- Problem description -
The output should be the listing below, limited to the lines from the one with "Man worker showing his working tools" through the one with "A bright and", exact and without pictures.

━━━ Supplied material ━━━

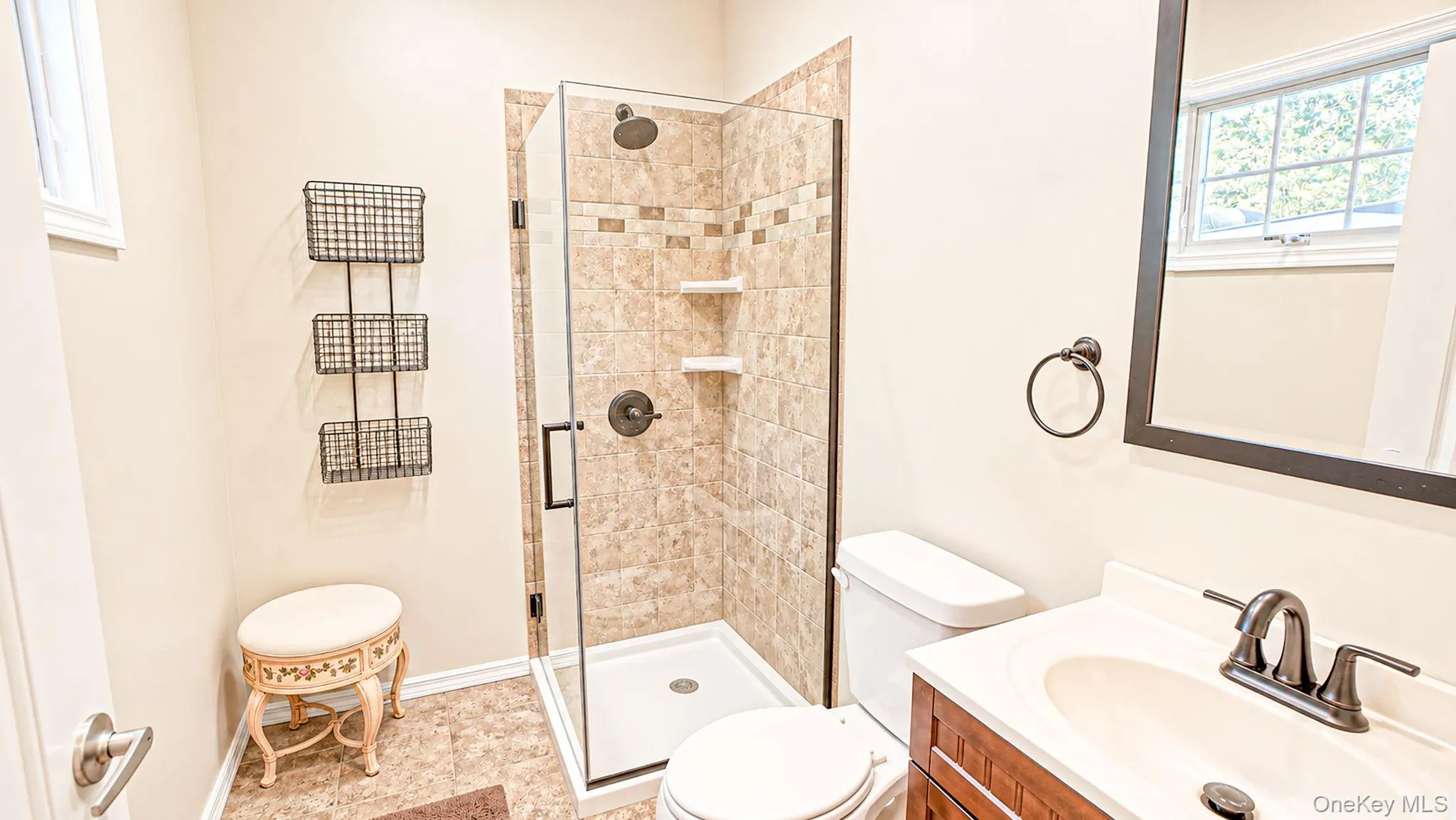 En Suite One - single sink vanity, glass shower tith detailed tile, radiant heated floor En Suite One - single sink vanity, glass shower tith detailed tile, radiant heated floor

━━━
━━━ Supplied material ━━━

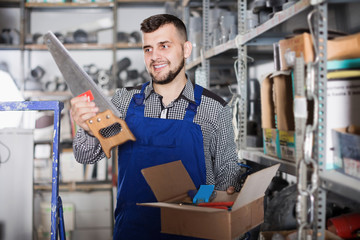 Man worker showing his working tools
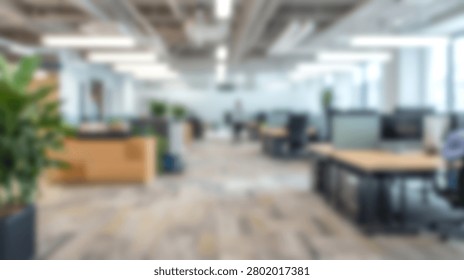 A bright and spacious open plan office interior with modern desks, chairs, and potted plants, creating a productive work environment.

━━━

- Task output -
 Man worker showing his working tools
 A bright and spacious open plan office interior with modern desks, chairs, and potted plants, creating a productive work environment.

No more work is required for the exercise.